Jean-Baptiste Baratte is a modern man, well-versed in Voltaire and ready to leave his peasant upbringing behind. Eager to display his engineering talents, he meets the minister at Versailles to receive his first significant appointment. Confident, composed, although a bit cocky, he really can’t foresee any challenge his enlightened education can’t overcome.

But, all his plans of illustrious success are somewhat hampered by the assignment he receives, one that is couched in a veiled threat. His job will be to demolish a dangerously aged Medieval church as well as removing the entire cemetery attached to it, on the Rue de Les Innocents. The minister explains,

It is poisoning the city. Left long enough, it may poison not just local shopkeepers but the king himself. The king and his ministers.

Yes, my lord.

It is to be removed.


Destroyed. Church and cemetery. The place is to be made sweet again. Use fire, use brimstone. Use whatever you need to get rid of it.

Given such a grotesque assignment, he quickly realizes that the challenge lies in more than just removing bodies. The task itself is monumental, given the crowded city and the few who wish to work on such a gory task. Baratte hesitates to begin, and as he settles in to his new job, he finds avoidance is his first impulse. What better  time to buy a new suit and get drunk? A fashionable pistachio green suit that is purchased by trading in his father’s dark classic suit is a symbolic gesture that sets the scene for his new undertaking, and his new pal Armand, organ player at the Church, shows him exactly what and how to drink in order to forget the dead he’ll soon be faced with.

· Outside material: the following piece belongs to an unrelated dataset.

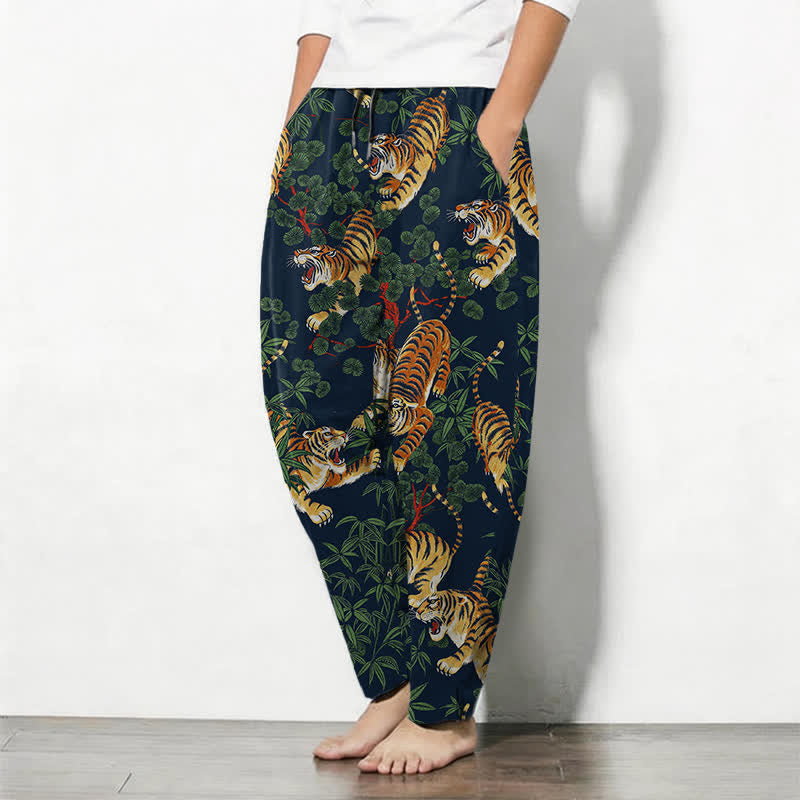 Buddha Stones Pantalones de hombre de algodón puro con estampado de hojas de bambú y tigre, con cordón ajustable y bolsillos. - image 12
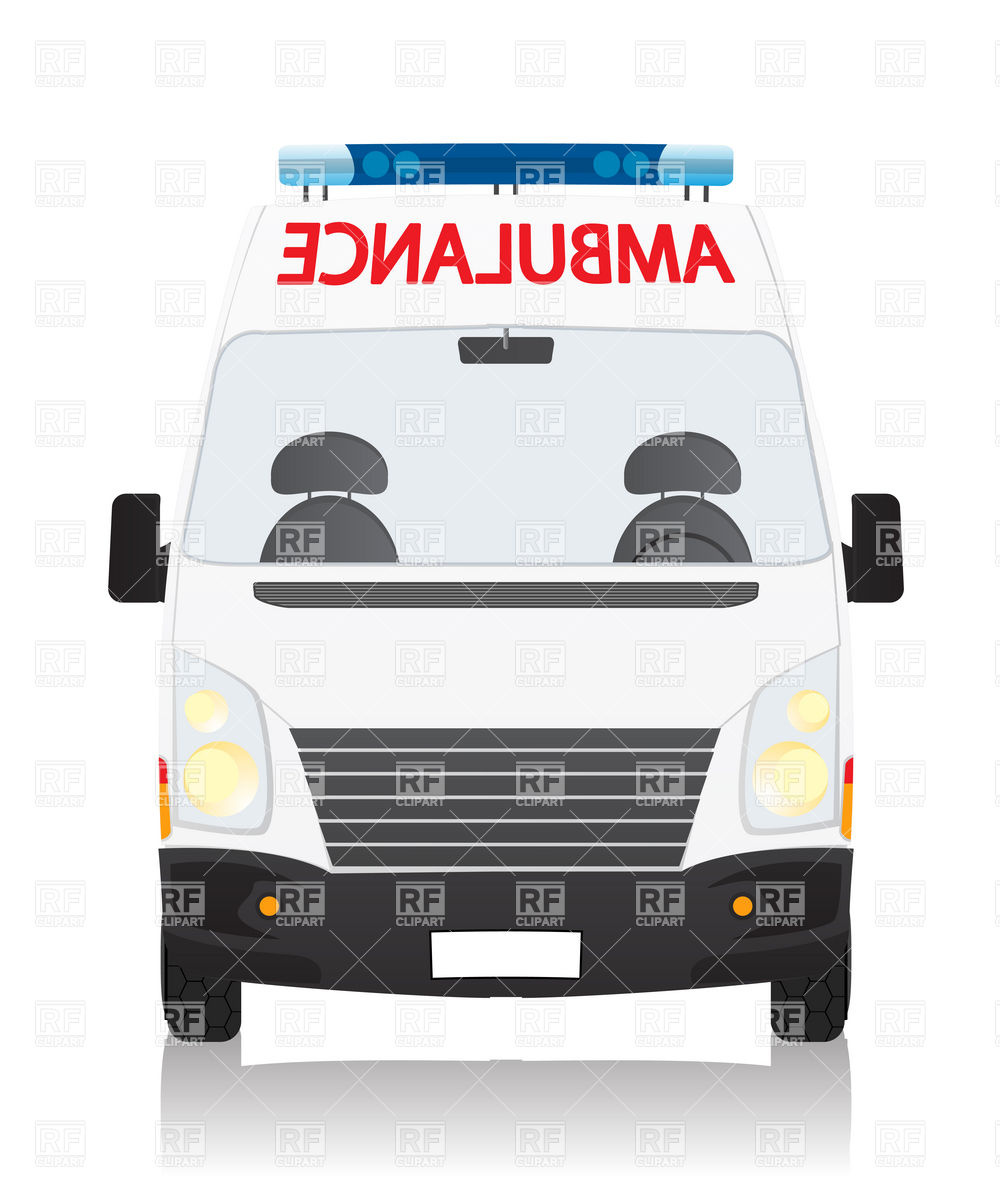 1000x1200 front view drawing of an ambulance car vector image - Ambulance Drawing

Thus, the novel begins, with Baratte and Armand and several other characters dealing with the sentimental and awkward removal of a beloved church. Each character is fully developed, and fascinating in the way they interact. Besides the intriguing plot, just seeing the ensemble of unlikely individuals become close-knit among grave circumstances makes the narrative surprisingly enjoyable. Virtually everyone changes in some way, and none more than Baratte.

But are his ambitions what they were? Are they, for example, less ambitious? And if so, what has replaced them? Nothing heroic, it seems. Nothing to brag of. A desire to start again, more honestly. To test each idea in the light of experience. To stand as firmly as he can in the world’s fabulous dirt; live among uncertainty, mess, beauty. Live bravely if possible. Bravery will be necessary, he has no doubt of that. The courage to act. The courage to refuse.

Given his thoughts above, you may imagine the fate of the pistachio suit.

The story is unique and clever, and astonishingly fast-paced. I’m not normally a fan of the historical fiction genre, and I’m completely unfamiliar with this period in French history, but I was completely absorbed. However, I have to mention, in hopes of assisting others, that some reviews of the book (most notably the New York Times) seem to imply a supernatural element, of vampires and some sort of wolf-spirit. I didn’t get that at all. One strong wind was described as howling like a wolf, but that’s it. Two well-preserved bodies are inexplicably uncovered in the removal, but no indication or allusion is made to them of being vampires. So, while there is madness and community resistance to Baratte’s assignment, there’s nothing that feels otherworldly about the story.

Special thanks to Europa Editions for the Advance Review Copy.